When coupled with the commission’s lax hearsay rules, this means that defendants could be convicted based on second- or third-hand summaries of evidence obtained through abuse, without any opportunity to confront the accuser or to establish the evidence’s unreliability and taint. Unless military commission judges are extremely vigilant, even the prohibition on evidence obtained through torture could become virtually meaningless. 

“Prosecuting these men and possibly sentencing them to death before fundamentally flawed military commissions is not justice,” Daskal said. 

In accordance with the military commission rules, the charges against these six men are now being reviewed by the commissions’ convening authority, former military appeals court official, Judge Susan J. Crawford, who has the authority to accept, reject, or revise them. Once she approves any charges and serves them on the defendants, the military commission’s clock starts ticking. The arraignment – when the defendants make their first court appearance and are formally told the charges against them – will take place within 30 days, absent any court-approved delays. 

Only four other defendants have been formally charged by the military commissions authorized by Congress in October 2006, three months after the Supreme Court ruled that the initial military commissions set up by the Bush administration were unlawful. 

The trials of Omar Khadr, the now 21 year old Canadian accused of murdering an American soldier at the age of 15, and Salim Hamdan, the 37 year old Yemeni accused of conspiracy and material support for terrorism, are both scheduled for May.
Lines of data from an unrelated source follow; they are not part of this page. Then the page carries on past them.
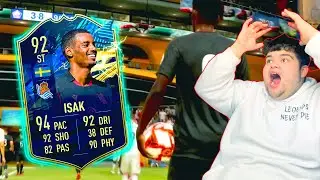 ТОТС Исак СЛОМАН... ЛУЧШАЯ Карточка в FIFA 21!!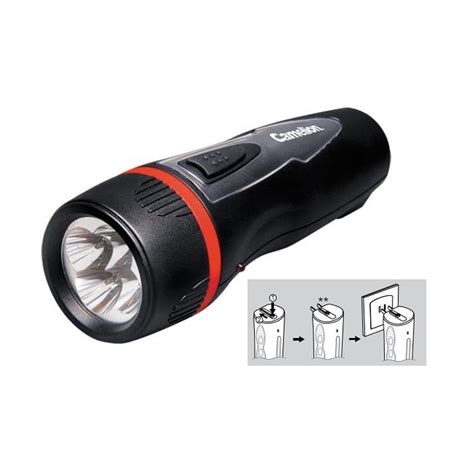 4 Led Rechargeable Plug In Emergency Ready Flashlight Walmart Canada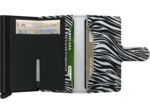 Secrid Porte-Carte Miniwallet Zebra Light Grey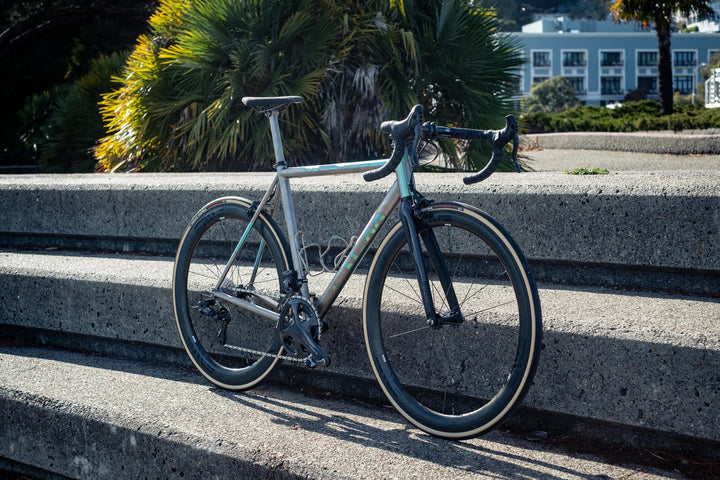 Bike of the Week: An Anodized Ti No22 Great Divide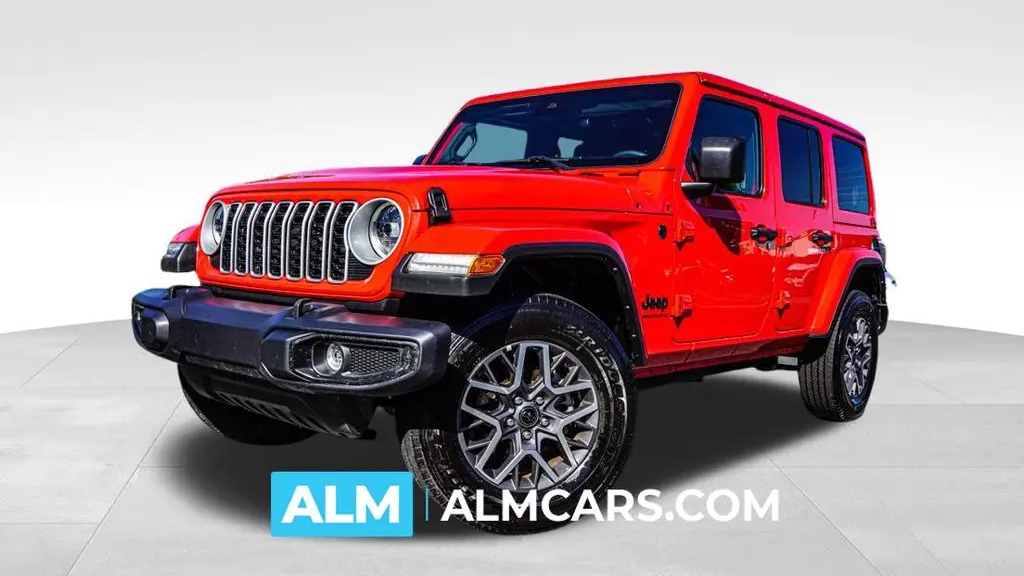 Preowned 2025 Jeep Wrangler Sahara for Sale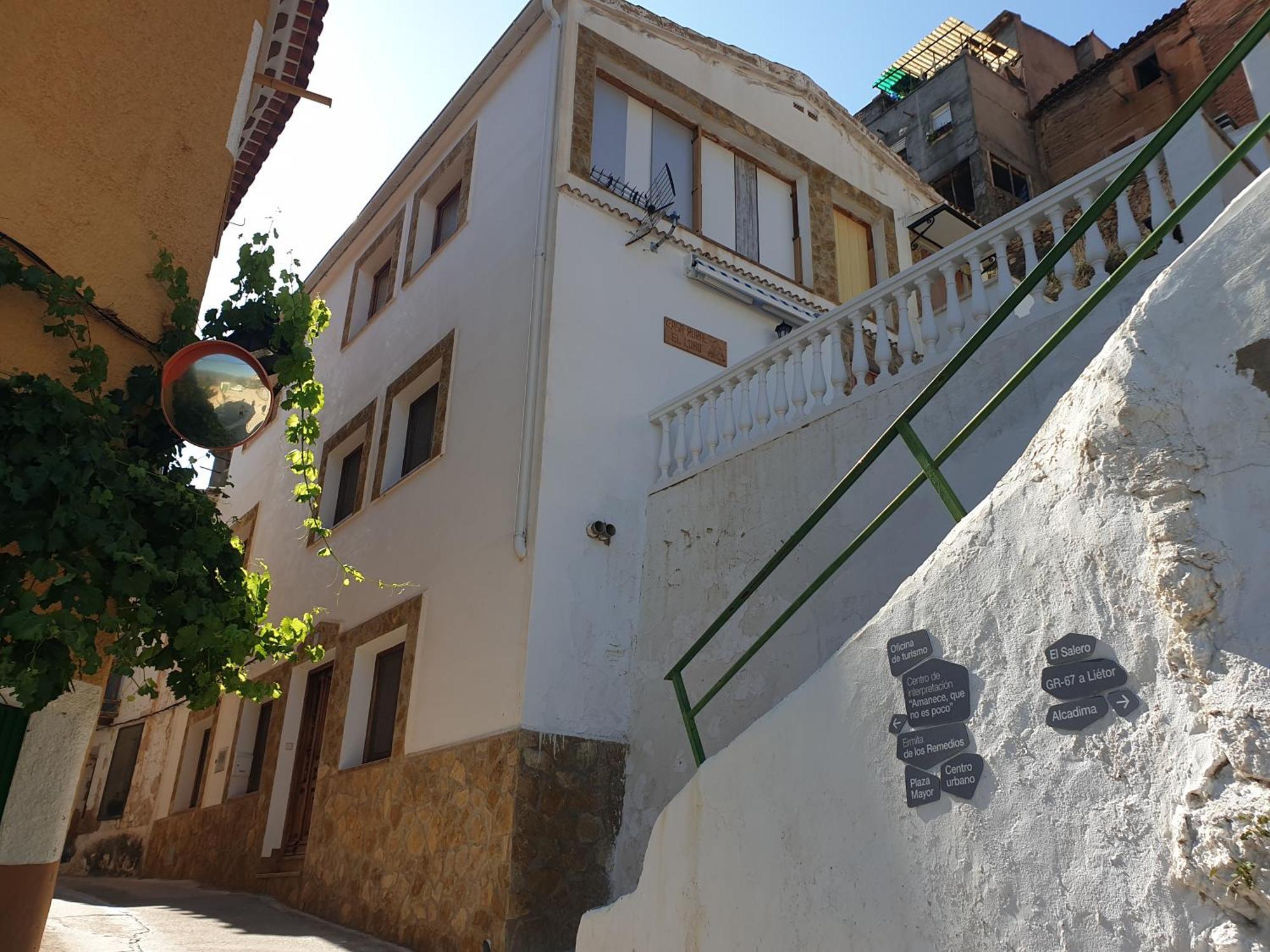 Casa Rural El Lobo Ayna Exterior foto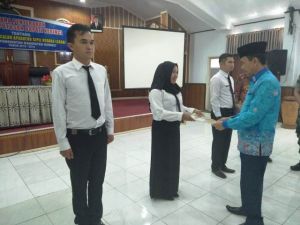 Bupati serahkan SK CPNS Kerinci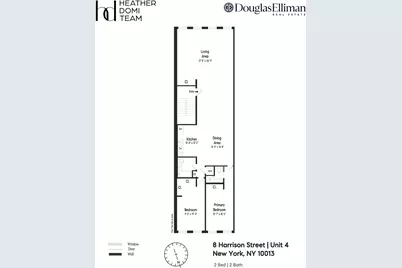 8 Harrison Street #4, New York City, NY 10013 - Photo 14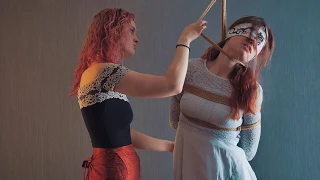 shining shibari live session with mieneko and tinker riggoros tv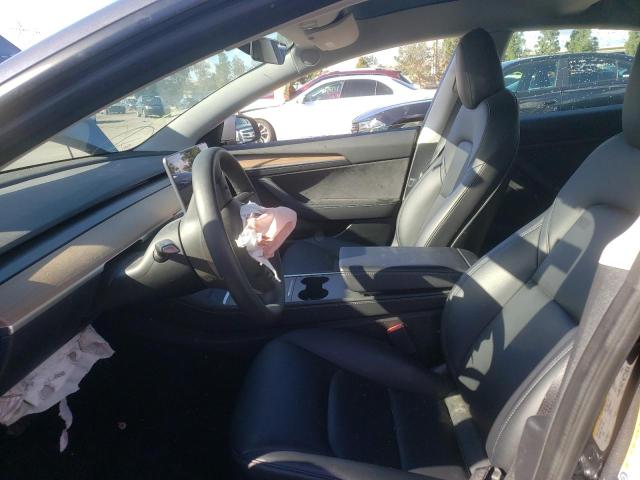 Photo 7 from auction – 2022 TESLA MODEL 3 with VIN 5YJ3E1EA1NF189580
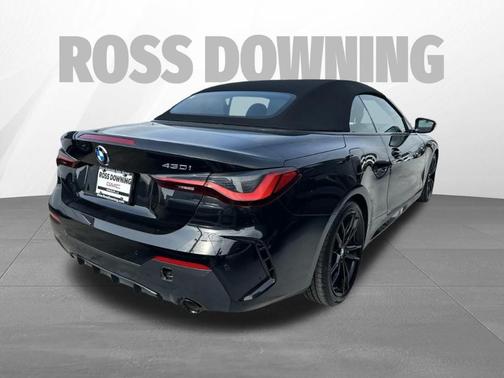 Black Sapphire Metallic 2023 BMW 430 i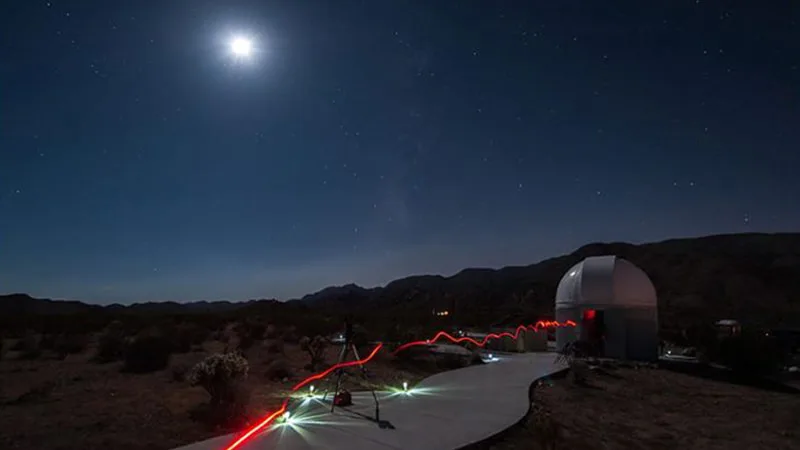 Sky’s the Limit Observatory and Nature Center, Joshua Tree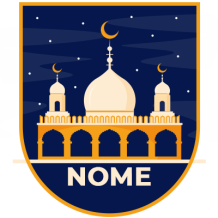 Islam mesquita modelo-3, um lindo artigo para bebé, perfeito para complementar o enxoval do seu pequeno. Disponível em chupeta-b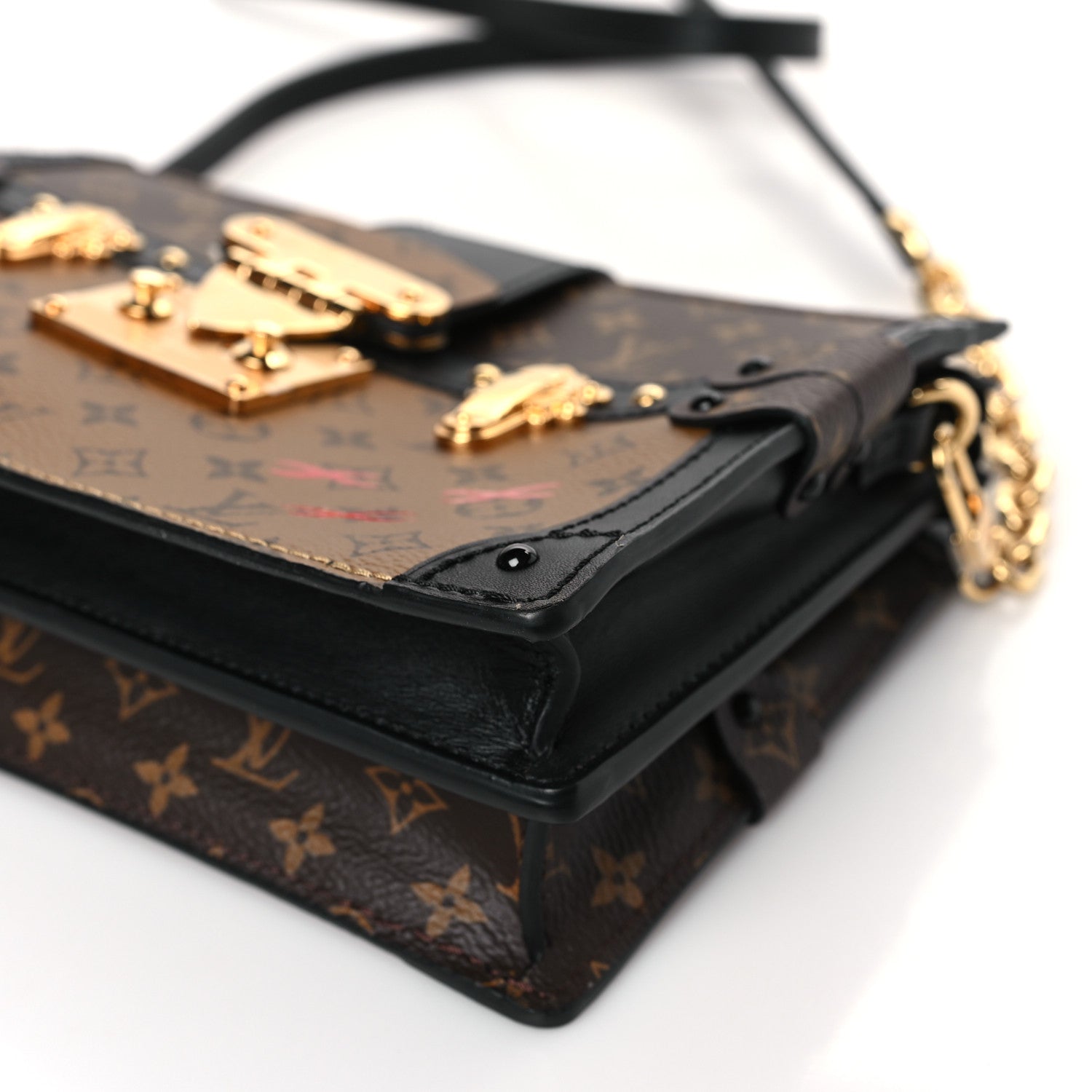 Louis Vuitton Reverse Monogram Trunk Clutch 8 of 8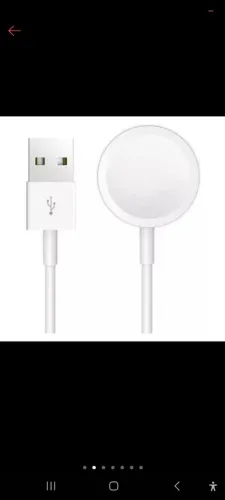 Cabo Carregador Para Relogio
And Mohammad Jawad, a 23 year old Afghan who is being charged with attempted murder for acts allegedly carried out when he was 17, is expected to make his first appearance before the commissions in early March. 

David Hicks, the only person to be convicted by the military commissions, pleaded guilty in April 2006 to one count of providing material support to terrorism and has since then completed his nine-month sentence in his native Australia. By contrast, the federal courts have successfully prosecuted dozens of international terrorists since September 11, 2001.  

“All of these cases should be moved to federal court where the defendants and their alleged crimes will be the focus of attention rather than the inadequacies of the hastily crafted and fundamentally flawed military commission system,” Daskal said.